Effects of prenatal valproic acid exposure on DCC receptor expression and mesocorticolimbic dopamine circuitry during early adolescence and adulthood

Abstract

Autism spectrum disorder (ASD) comprises neurodevelopmental conditions characterized by social impairments and repetitive and stereotype behaviors. The etiology of ASD is thought to involve both genetic and environmental factors. Prenatal exposure to valproic acid (VPA) is a known environmental risk factor for ASD, which can lead to disrupted axon growth. Although the pathophysiology of ASD remains unclear, alterations in the midbrain dopamine system have been proposed to underlie core symptoms of ASD. Recently, our group reported increased population activity of dopamine neurons in the ventral tegmental area (VTA) in both male and female adult rats exposed to VPA in utero.
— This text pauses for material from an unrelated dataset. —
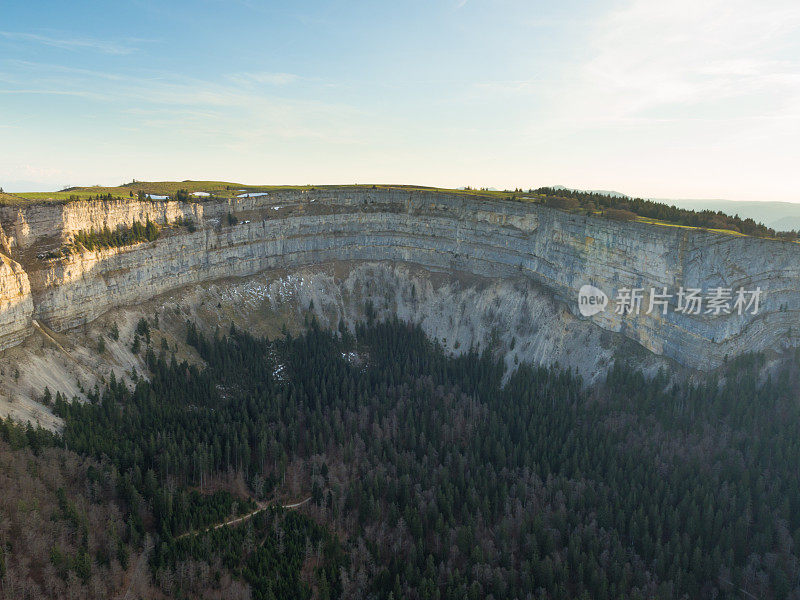 Creux du Van的鸟瞰图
In addition, findings from my Master's studies indicated an increased number of spontaneously active dopamine neurons in the Substantia Nigra (SN). However, the organization of dopamine circuitry in this model is not fully elucidated. Seminal studies from Dr. Cecilia Flores (the host of this proposal) have shown that the Deleted in Colorectal Cancer (DCC) guidance cue receptor is critical for dopamine axonal targeting. Amphetamine-induced DCC downregulation in the VTA in adolescence is associated with adult aberrant dopamine innervation and dysfunction in the medial prefrontal cortex (mPFC) in mice. Notably, mPFC dysfunction is also observed in VPA-exposed animals. Given that the relationship between VPA exposure and DCC expression remains unexplored, this study aims to investigate the effects of prenatal VPA exposure on DCC expression in the midbrain dopamine system and its consequences for mesocorticolimbic circuitry organization. To test this, pregnant Sprague-Dawley rats will receive intraperitoneal injection of VPA (600 mg/kg) or saline on gestational day 12. On postnatal day 31 the brains of male offspring will be assessed for RT-qPCR analysis of Dcc mRNA in the VTA and SN. On postnatal day 75 brains from a separate cohort of male offspring will be processed for immunofluorescence assessment of DCC/TH-positive axon innervation in the mPFC.